ROANOKE TIMES Copyright (c) 1996, Roanoke Times DATE: Friday, May 3, 1996 TAG: 9605030060 SECTION: NATIONAL/INTERNATIONAL PAGE: A-1 EDITION: METRO DATELINE: WASHINGTON SOURCE: The Washington Post
The Senate overwhelmingly passed an immigration bill Thursday that would reinforce the U.S. Border Patrol, crack down on smuggling and employing illegal aliens, and impose new restrictions on government benefits for legal immigrants.
The bill, similar to one the House passed in March, was approved 97-3 after eight days of debate marked by sharp differences among Republicans over several key issues and skirmishing between Republicans and Democrats over the minimum wage.
Although only three Democrats voted against the bill, it immediately came under fire from private groups on both sides of the debate. Advocates of lower immigration levels charged that it had been ``diluted'' to the point of meaninglessness, while immigration proponents assailed as ``mean-spirited'' its restrictions on legal immigrants' access to public benefits.

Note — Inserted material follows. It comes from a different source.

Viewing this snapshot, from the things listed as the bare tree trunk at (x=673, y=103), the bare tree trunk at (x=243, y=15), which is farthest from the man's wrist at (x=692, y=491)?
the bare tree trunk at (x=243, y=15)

Like its House counterpart, the Senate bill emerged from the legislative process without its original provisions aimed at reducing the number of legal immigrants. The sponsor, Alan Simpson, R-Wyo., attempted to insert what he described as modest cuts in the annual visa levels for legal immigration, but he was soundly rebuffed in a move led by freshman Republican Spencer Abraham of Michigan to keep legal immigration visa numbers in a separate bill, effectively shelving the issue.
The bill would nearly double the strength of the Border Patrol, an arm of the Immigration and Naturalization Service, by adding 4,700 new agents over the next five years. It would also add 600 INS investigators to crack down on alien smuggling, illegal employment and visa overstays.

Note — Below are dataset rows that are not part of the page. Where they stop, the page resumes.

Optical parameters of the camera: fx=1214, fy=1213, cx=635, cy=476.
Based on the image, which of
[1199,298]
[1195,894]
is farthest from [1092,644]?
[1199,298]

Foreigners who enter the United States legally but then overstay their visas account for as many as half the country's roughly 4 million illegal immigrants, a population estimated to be increasing by 300,000 a year, according to INS estimates.
The bill would increase detention space for illegal aliens to at least 9,000 beds by September 1997 and add 700 Labor Department investigators over the next two years to enforce labor standards in areas with large illegal immigrant populations.
In a close vote, the senators approved pilot projects aimed at developing a system to verify eligibility for employment and public assistance, and agreed to federal standards for birth certificates and state driver's licenses to reduce document fraud. Conservative Republicans had charged that the verification system would lead to creation of a ``national ID card,'' although this was expressly ruled out in the bill.
The bill would make it easier to deport ``criminal aliens'' by, among other measures, changing the definition of an ``aggravated felony,'' which triggers expedited deportation, to sentences of one year, instead of five years at present.
It would also authorize the INS to spend an additional $12 million on physical barriers along the U.S.-Mexican border south of San Diego, Calif., including triple fences and high-tech detection devices.
In some of its most controversial provisions, the bill seeks to limit immigrants' access to federal benefits and reinforce long-standing provisions prohibiting legal immigrants from becoming ``public charges.'' Legal immigrants would be subject to deportation if they received federal welfare benefits for more than 12 months during their first five years in the country.
President Clinton called the bill an endorsement of his administration's ``comprehensive immigration strategy,'' which he said already had made ``historic progress'' in cracking down at the border and in the workplace.
Clinton said the bill ``goes too far in denying legal immigrants access to vital safety net programs which would jeopardize public health and safety.''
Senate Majority Leader Bob Dole, R-Kan., hailed the bill as a ``long overdue'' effort to balance the U.S. heritage as a nation of immigrants with tougher enforcement of American ``sovereignty'' on the nation's borders.
``We cannot remain a great country and fail to control our borders,'' Dole said. He said the bill's provisions provide ``for first time a realistic hope that our Border Patrol can cope with illegal immigration.''
Sen. Edward Kennedy, D-Mass., forecast a tough fight over an amendment in the House version that allows states to deny free public education to illegal immigrant children. Such a provision, which Kennedy said he strongly opposes, was never offered in the Senate and could trigger a veto if it reaches Clinton.